I stayed up late, interviewing the men of C (or “Charlie”) Company on the night watch in a sandbagged bunker, where I watched trucks moving up and down the winding Chouf mountain roads through night-vision binoculars. I learned something that night about the benefits of doing radio journalism in total blackout conditions. It was pitch black in the bunker; all light sources were covered. Per regulations, the red light on my portable tape recorder had to be covered over with tape. I found that once an interview got underway, the Marines – perhaps because they couldn’t see the microphone I was holding – began to speak more casually and freely. A couple of them talked about how unnerving their Beirut experience actually was. Marines don’t usually talk about being afraid, but these guys were very candid. The long-form report I assembled, called “A Night With Charlie Company,” won a National Headliner Award.

A few weeks after I left Beirut, a terrorist driving a truck full of explosives blew up the Marines’ barracks, killing some 245 troops. I was called into the newsroom in New York that day, a Sunday, to go through my cassette tapes and see if any of the guys I had interviewed showed up on the casualty list. One, a Marine from Brooklyn, did appear on the injured list.

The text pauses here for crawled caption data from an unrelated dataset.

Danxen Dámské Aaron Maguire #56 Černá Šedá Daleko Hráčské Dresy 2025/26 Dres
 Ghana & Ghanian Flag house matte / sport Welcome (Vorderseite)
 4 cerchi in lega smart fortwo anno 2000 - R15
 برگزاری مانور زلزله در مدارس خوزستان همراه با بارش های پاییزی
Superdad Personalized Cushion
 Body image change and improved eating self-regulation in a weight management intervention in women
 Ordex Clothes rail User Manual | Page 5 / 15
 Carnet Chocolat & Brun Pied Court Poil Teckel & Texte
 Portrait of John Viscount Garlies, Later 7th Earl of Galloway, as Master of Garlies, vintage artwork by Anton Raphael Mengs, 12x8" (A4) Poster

We aired some of his comments from a few weeks earlier.

Two years later, AP correspondent Terry Anderson was kidnapped in Beirut by Shiite Hezbollah militants, signaling that journalists had no special status. American news correspondents began to be pulled out of Beirut, as were the Marines. By 1987 the Commodore was looted and heavily damaged by Druse militia.

10 thoughts on “Lebanon

  1. Fascinating. I kept wondering when the killing of U.S. marines in Lebanon would come into the story. You did not disappoint. But I’d forgotten about Terry Anderson.